Hamell is first and foremost a seasoned touring musician. He’s played in several bands since his teens, ultimately settling many years ago into his successful solo act, “Hamell on Trial”. In this identity, Hamell has toured the United States and the UK, often with his good friend Ani DiFranco, leaving in his wake enthusiastic new fans of his sarcastic, inventive rock narratives. So, fittingly, the bulk of The Terrorism of Everyday Life is composed of songs from various points in his career, each of which offers audacious yet refreshing commentary on a variety of themes ranging from mortality to drug addiction to American gluttony.
In one of my favorite moments of the show, he expresses his disdain for our nation’s obsession with food in an uproarious country-tinged plug for “The Trough”, an imaginary restaurant where patrons are encouraged to eat until they’re sick, and then some. Like the rest of the show, Hamell’s food fantasy is shocking, hilarious, and perhaps closer to the truth than most of us would like to admit.
Hamell is a true guitar hero. While singing or speaking his gut busting, heartbreaking appraisals of modern life, he can pull off a jangly rockabilly line and then quickly transition into a thunderous metal riff or grinding punk breakdown. He displays a total mastery of the guitar across several varied styles, and his powerful, diverse sonic assault takes what would otherwise be an utterly enjoyable standup and spoken-word routine and transforms it into an electrifying concert event. There’s a reason that out of a field of over two thousand productions, The Terrorism of Everyday Life won a coveted “Herald Angel” award for its 2007 premiere at the Edinburgh Fringe Festival, the granddaddy of Fringe Festivals worldwide.
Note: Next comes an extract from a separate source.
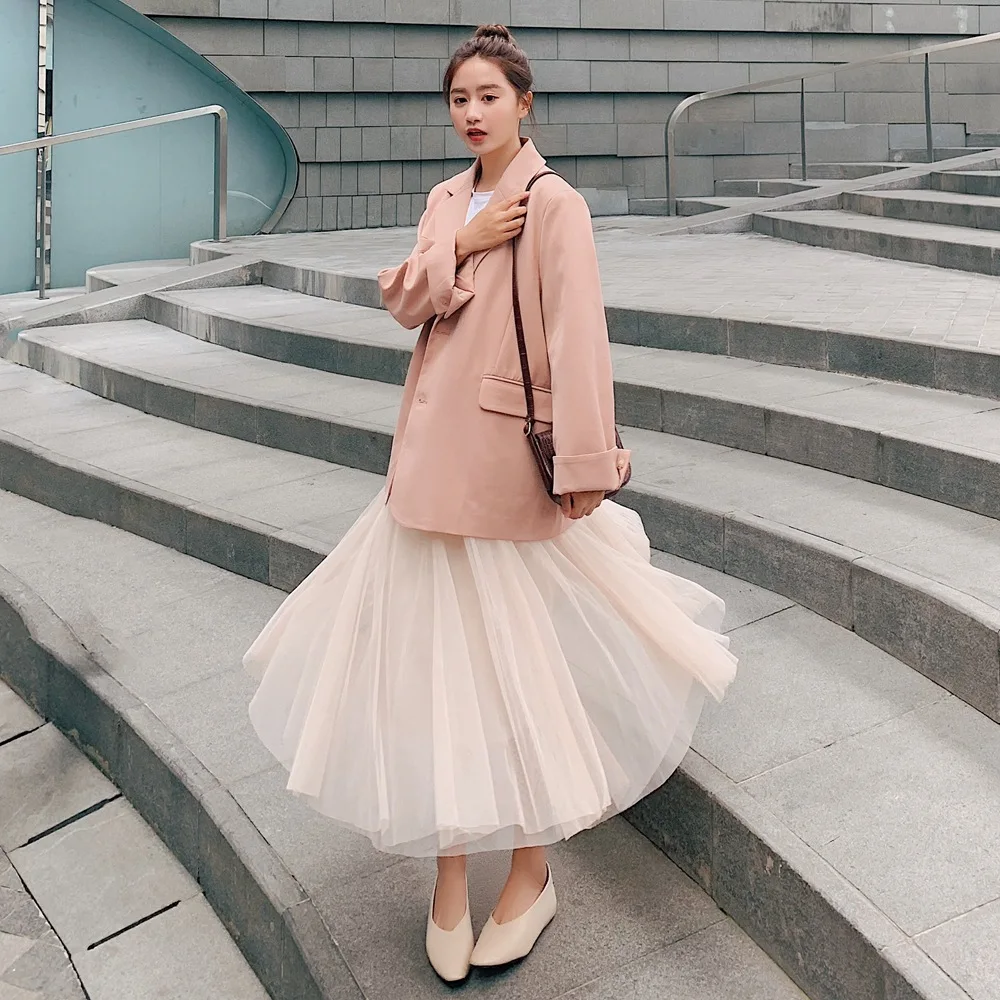 

Photo Shoot 2019 Spring New Style Korean-style WOMEN'S Wear Gauze Skirt Fashion British Style Mid-length Small Suit Coat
Between songs, Hamell fills the time with stories of dive bars, adolescent growing pains, drugged out friends, family tragedies, and other big themes from his life, along with plenty of dirty jokes that, admittedly, are not for everyone. With its unfiltered tales of hard living and loud, sometimes punishing guitar, this is definitely an in-your-face show both in message and in medium. Those with delicate sensibilities need not apply. But if you think you can handle the bitter pill that Hamell is pushing, then you absolutely must not miss the epic experience of The Terrorism of Everyday Life.